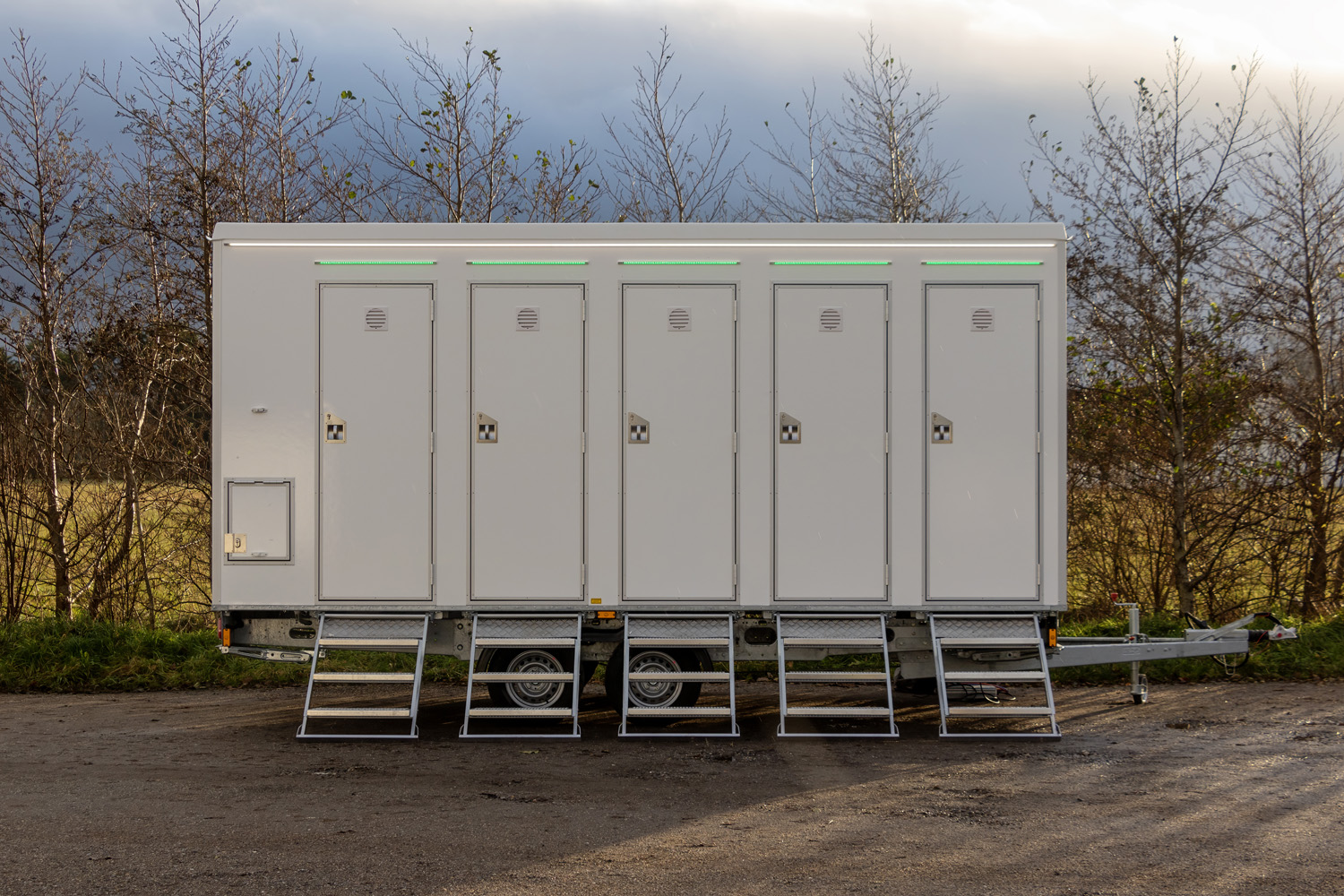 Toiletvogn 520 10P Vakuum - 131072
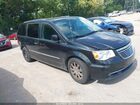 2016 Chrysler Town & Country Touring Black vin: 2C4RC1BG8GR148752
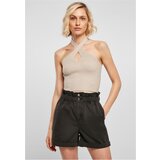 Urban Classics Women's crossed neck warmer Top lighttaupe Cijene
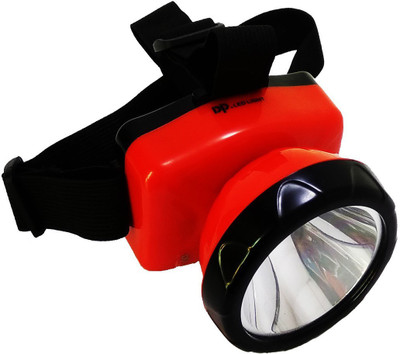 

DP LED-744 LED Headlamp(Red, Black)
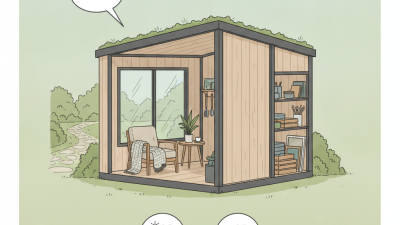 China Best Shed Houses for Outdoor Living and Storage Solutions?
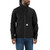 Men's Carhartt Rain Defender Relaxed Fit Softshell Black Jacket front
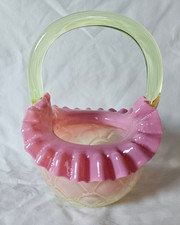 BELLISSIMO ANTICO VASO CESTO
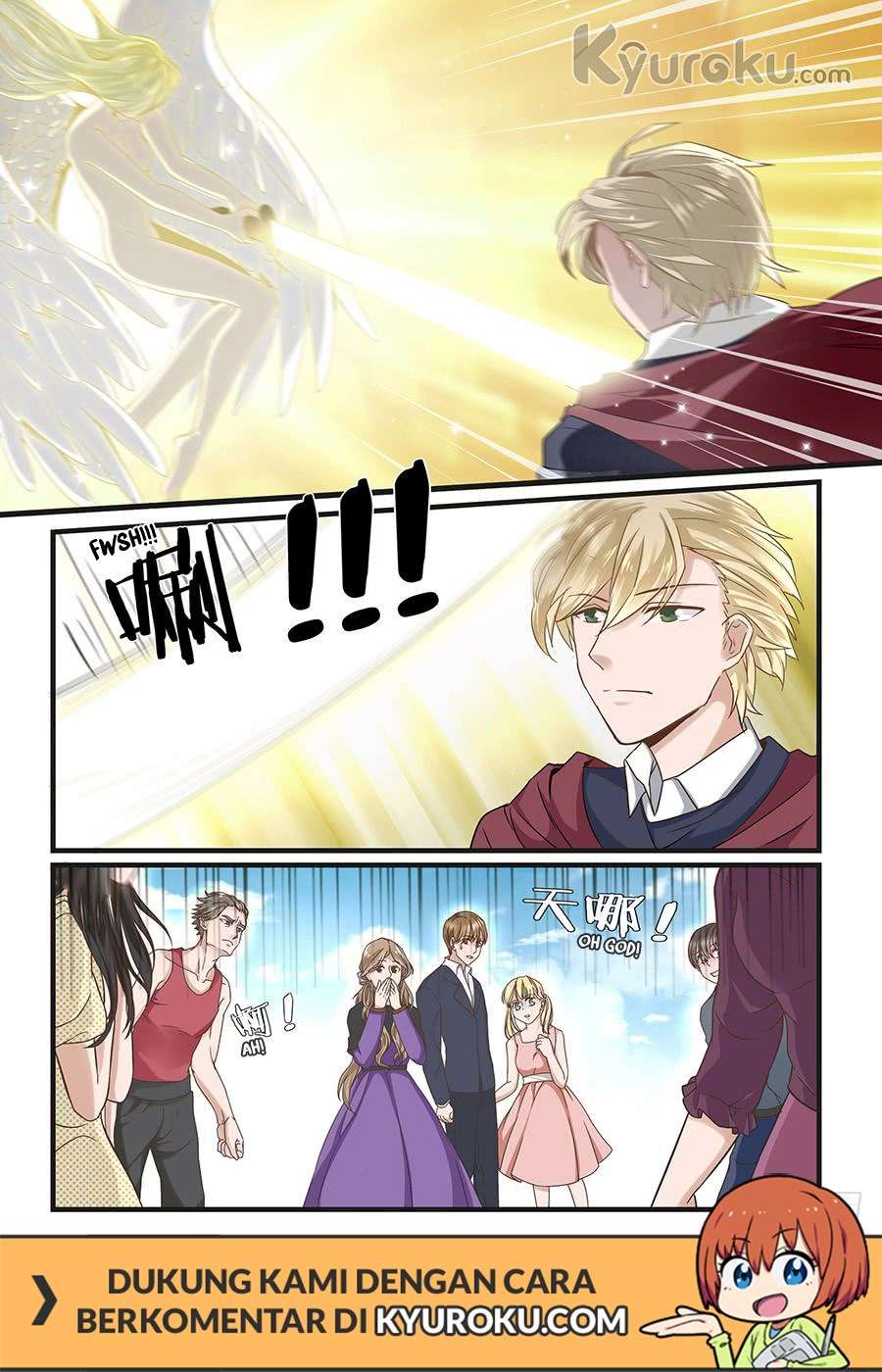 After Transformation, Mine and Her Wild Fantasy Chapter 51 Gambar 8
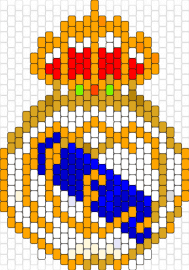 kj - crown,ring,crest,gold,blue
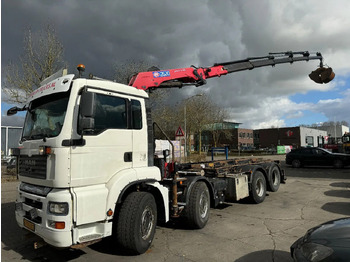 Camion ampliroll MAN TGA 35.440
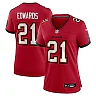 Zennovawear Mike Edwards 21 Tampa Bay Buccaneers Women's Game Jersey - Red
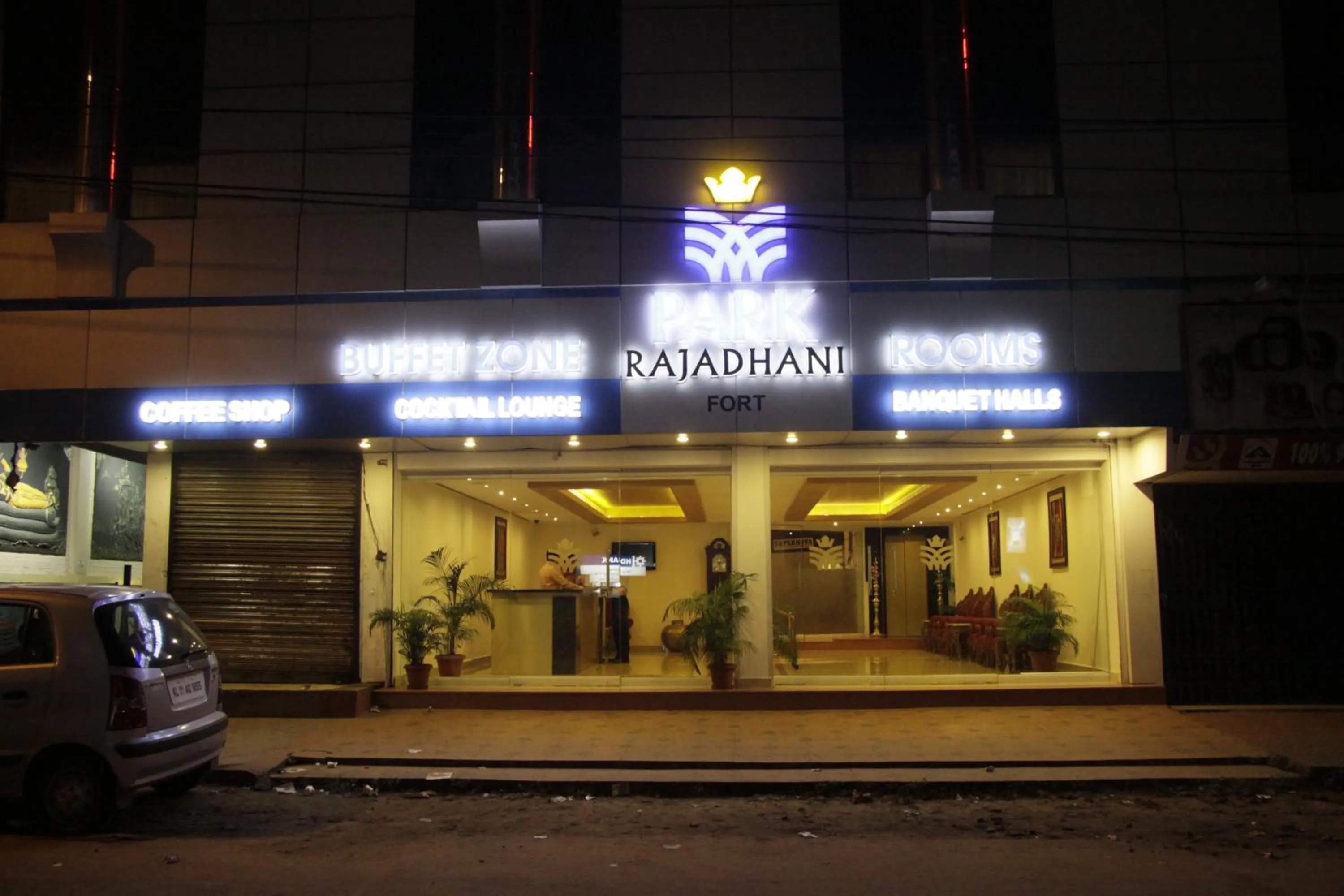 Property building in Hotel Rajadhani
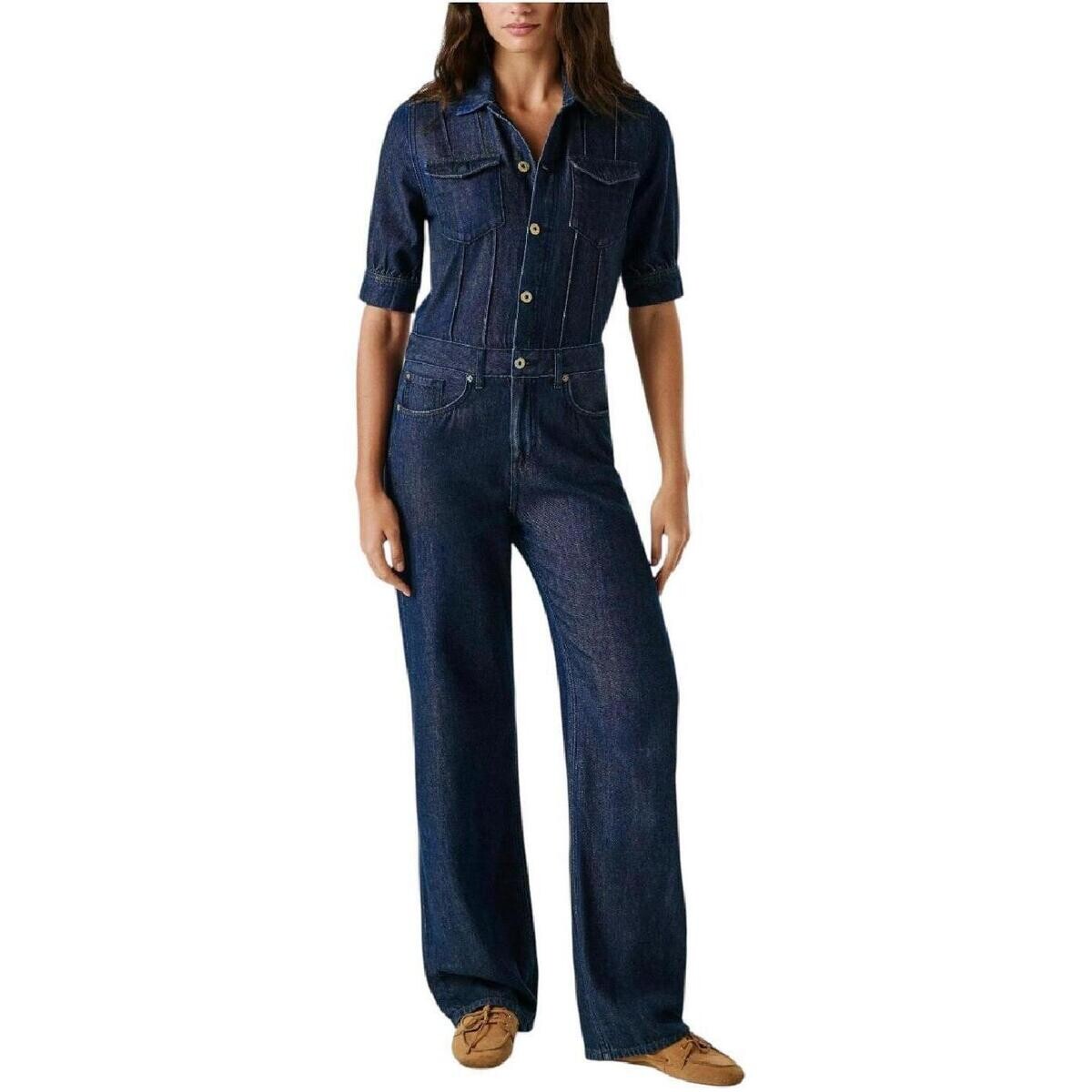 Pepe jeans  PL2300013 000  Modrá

- **Work request**
The answer must be an exact copy of the lines from the one containing "kj - crown,ring,crest,gold,blue" through the last line of the records, and nothing else. Pictures do not belong in it.

- **Your response**
 kj - crown,ring,crest,gold,blue
 Camion ampliroll MAN TGA 35.440
 Zennovawear Mike Edwards 21 Tampa Bay Buccaneers Women's Game Jersey - Red
 Property building in Hotel Rajadhani
 Pepe jeans  PL2300013 000  Modrá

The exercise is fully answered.